A promotora Eliana Vendramini, coordenadora do Programa de Localização e Identificação de Pessoas Desaparecidas do Ministério Público de SP, afirma que recebeu a notícia da condenação com alegria, especialmente pelas vítimas. “A gente fica muito feliz pelas vítimas, porque o desaparecimento impõe um sofrimento atroz aos familiares, a todos os envolvidos. E ele vem sendo regido de forma desconectada. Além disso, a temática é bem invisibilizada”, afirma a promotora.

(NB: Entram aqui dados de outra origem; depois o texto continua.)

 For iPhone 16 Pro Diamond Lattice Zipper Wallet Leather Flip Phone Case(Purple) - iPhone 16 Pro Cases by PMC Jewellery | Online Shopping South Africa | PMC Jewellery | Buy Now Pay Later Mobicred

Segundo Eliana, que há anos trabalha com o tema, no ano passado, houve registro de mais de 25 mil pessoas desaparecidas. Em 2016, esse número chegou a 28 mil. Ela destaca que o que está em jogo na ação são os desparecidos civis, ou seja, em plena democracia. “O familiar faz o boletim de ocorrência registrando o desaparecimento e mesmo assim, não há conexão por parte dos órgãos do Estado responsáveis por dar fazer esse encaminhamento. O que estou te dizendo é que se tratam de pessoas que foram encontradas mortas, necropsiadas, todas nominadas, mas enterradas como indigente. Mesmo tendo identidade, uma história, uma família”, critica. “É um neologismo que eu uso, mas é como se fosse um ‘redesaparecimento’. Elas aparecem mortas e o Estado desaparece com elas enterradas em terreno público”.

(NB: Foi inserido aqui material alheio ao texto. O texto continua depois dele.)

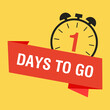One day to go last countdown icon. Sale price offer promotion deal timer. Vector illustration.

O juiz Emílio Migliano Neto também arbitrou danos morais coletivos no valor de R$ 250 mil que irão para um fundo que será usado para fomentar iniciativas e associações que trabalham, há pelo menos um ano, com a questão dos desparecidos. Eliana Vendramini deu como exemplo as Mães da Sé, que poderão ser beneficiadas. “Além disso, ele serve para indenizar famílias que se apresentem com dano reconhecido”, pontuou. Há prevista na decisão a indenização individual, que funcionará da seguinte forma: famílias que tem o boletim e o não reconhecimento do Estado terão o direito de pedir a execução desse pagamento para a Justiça, que a partir do que for apresentado vai quantificar o valor para cada caso.
A promotora também aponta que decisões como essa são importantes para trazer luz ao tema, uma vez que, assim como os desaparecidos na ditadura, há muito desconhecimento com relação aos sumiços atuais. “A gente vê um preconceito com relação às famílias que narram os desparecimentos de seus familiares. E isso é o mesmo que se imputou aos que sumiram no governo ditatorial. Os desparecimentos podem acontecer com qualquer um. Há os que morrem de morte natural, nas ruas, a família não é contatada, não é avisada. A gente precisa, como sociedade, acolher a causa e o Estado tem o dever de se organizar em rede”. explica Eliana Vendramini.
Procurada, a Procuradoria Geral do Estado de SP que informou que “o Estado não foi intimado dessa decisão”.